• _TASK MATERIAL_:

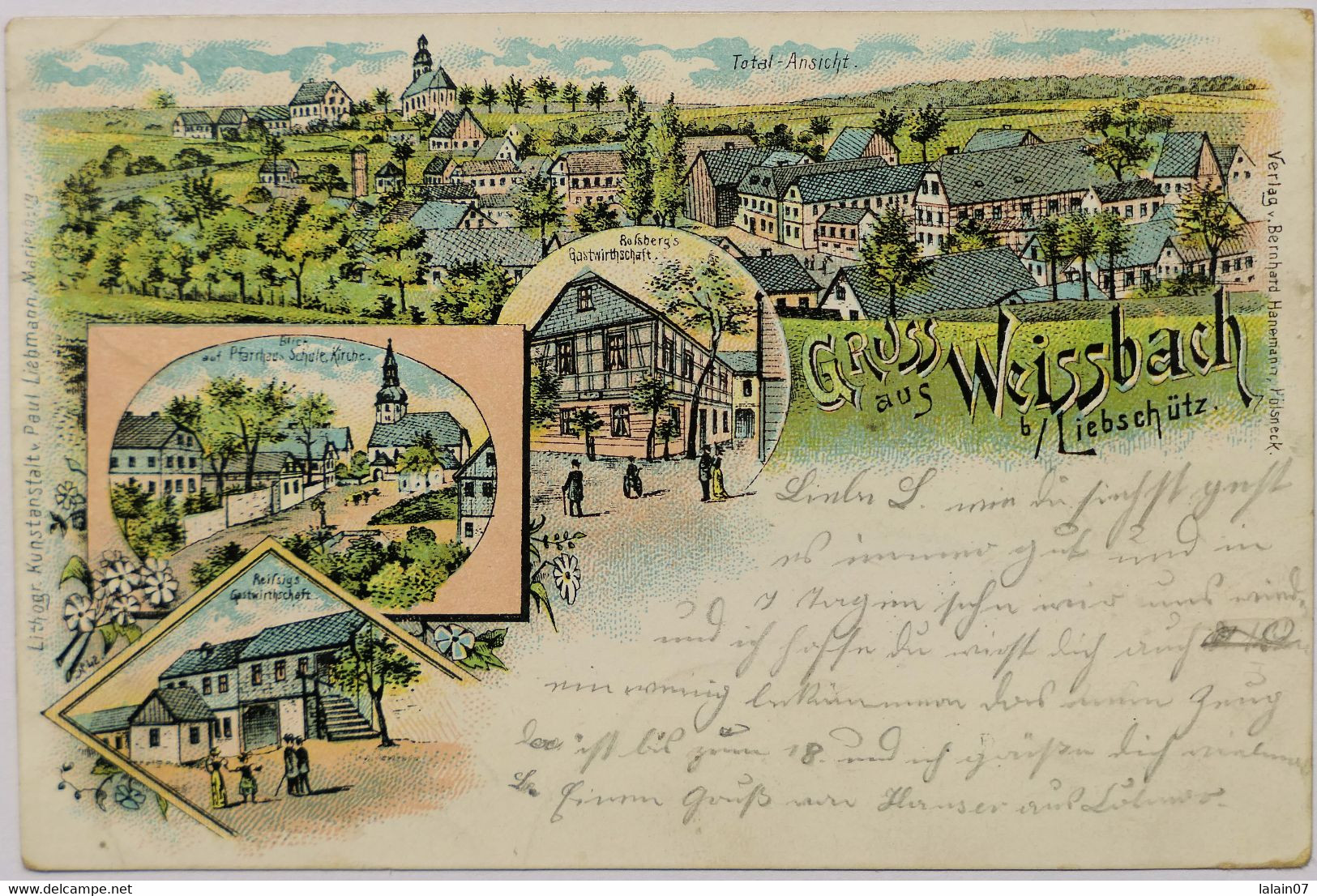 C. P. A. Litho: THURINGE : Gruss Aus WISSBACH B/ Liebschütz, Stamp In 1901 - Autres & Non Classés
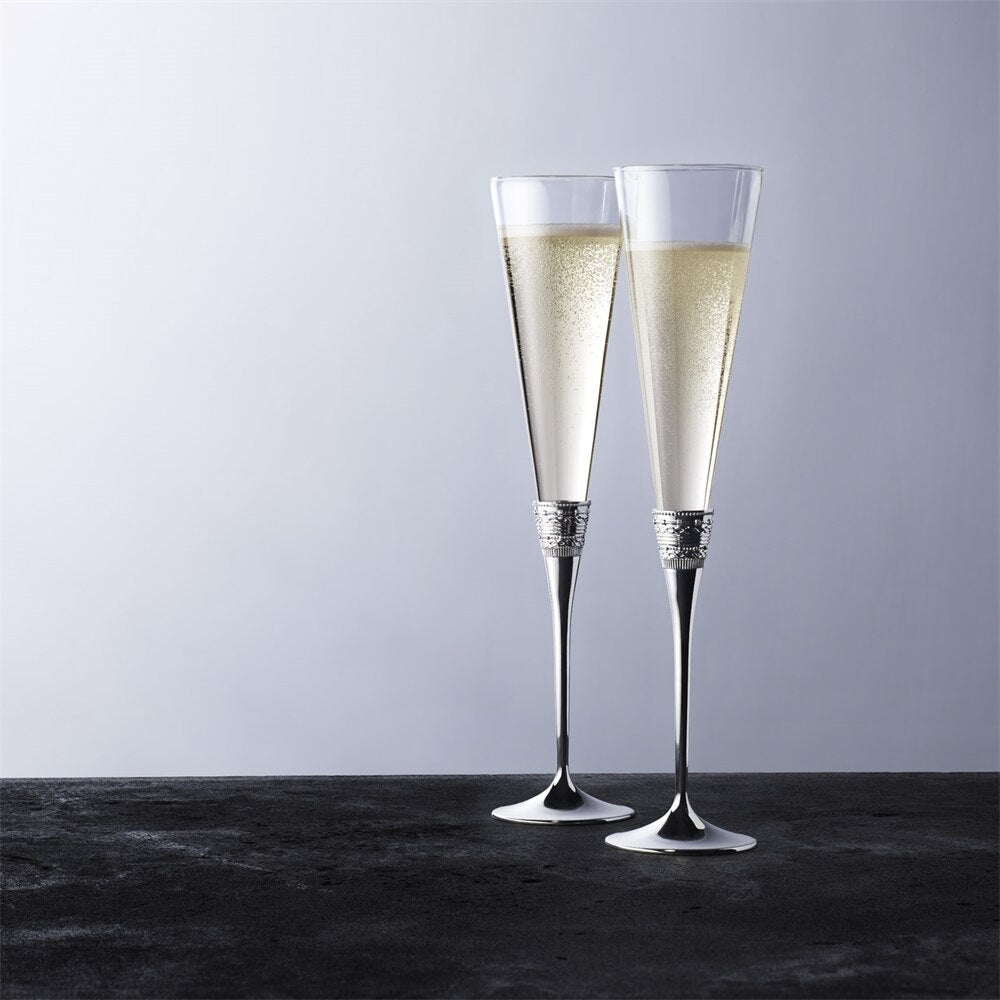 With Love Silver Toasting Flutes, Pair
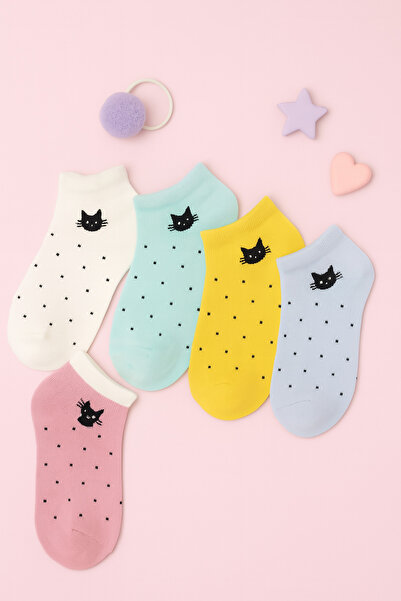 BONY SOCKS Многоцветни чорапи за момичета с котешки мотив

...

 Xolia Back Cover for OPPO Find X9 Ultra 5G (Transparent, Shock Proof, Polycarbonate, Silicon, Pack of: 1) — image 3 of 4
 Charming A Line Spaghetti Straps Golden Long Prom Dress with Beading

* * *

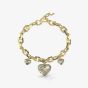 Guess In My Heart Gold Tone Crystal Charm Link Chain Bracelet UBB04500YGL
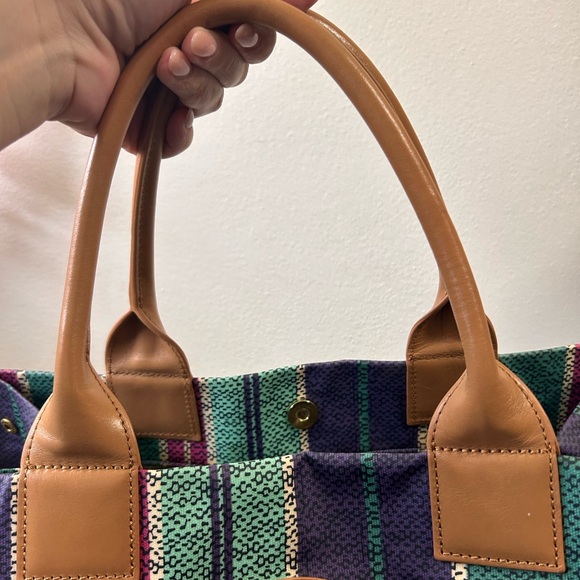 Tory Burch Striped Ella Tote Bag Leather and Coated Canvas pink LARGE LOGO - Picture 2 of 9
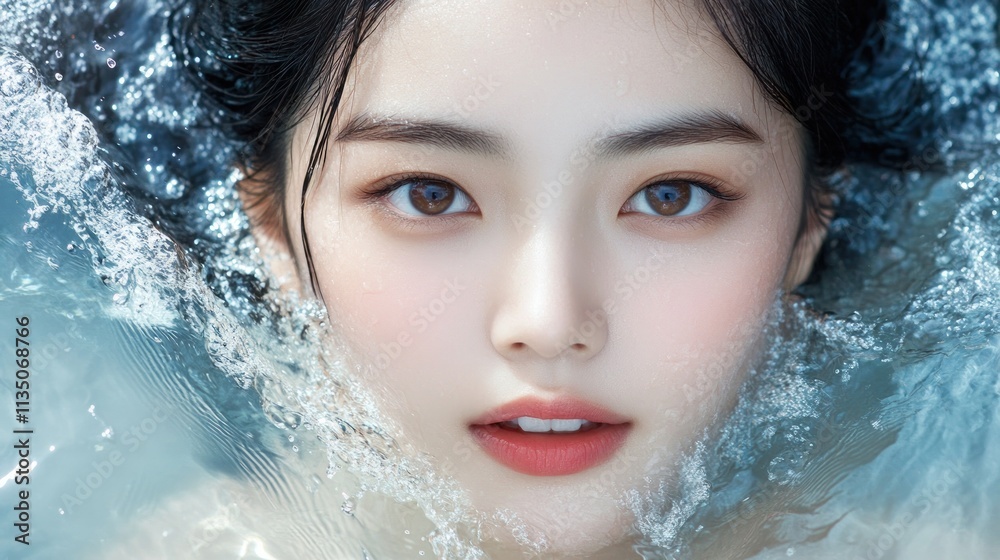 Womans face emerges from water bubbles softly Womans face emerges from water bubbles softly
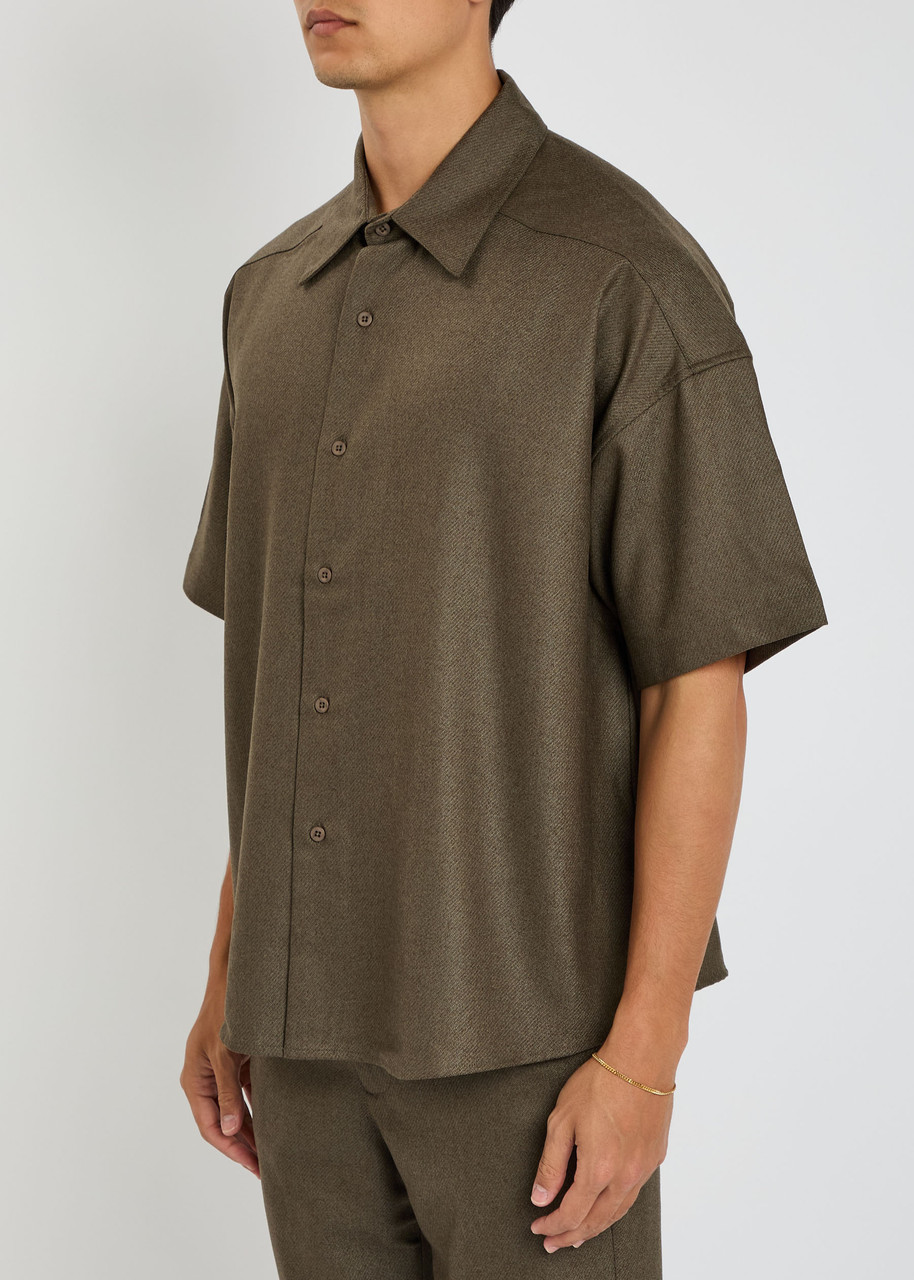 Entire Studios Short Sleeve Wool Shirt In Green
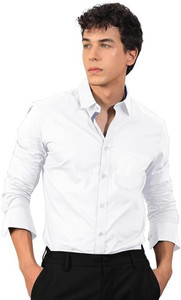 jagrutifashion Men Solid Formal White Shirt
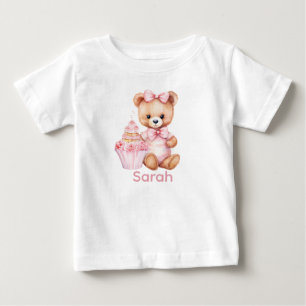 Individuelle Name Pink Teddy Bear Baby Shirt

• _TASK GOAL_:
Going by the entries above, repeat exactly the lines that start at the line with "Womans face emerges from water bubbles softly Womans" and go on through the line with "Individuelle Name Pink Teddy Bear Baby Shirt". Pictures are not part of the copy.

• _ANSWER TO THE EXERCISE_:
 Womans face emerges from water bubbles softly Womans face emerges from water bubbles softly
 Entire Studios Short Sleeve Wool Shirt In Green
 jagrutifashion Men Solid Formal White Shirt
 Individuelle Name Pink Teddy Bear Baby Shirt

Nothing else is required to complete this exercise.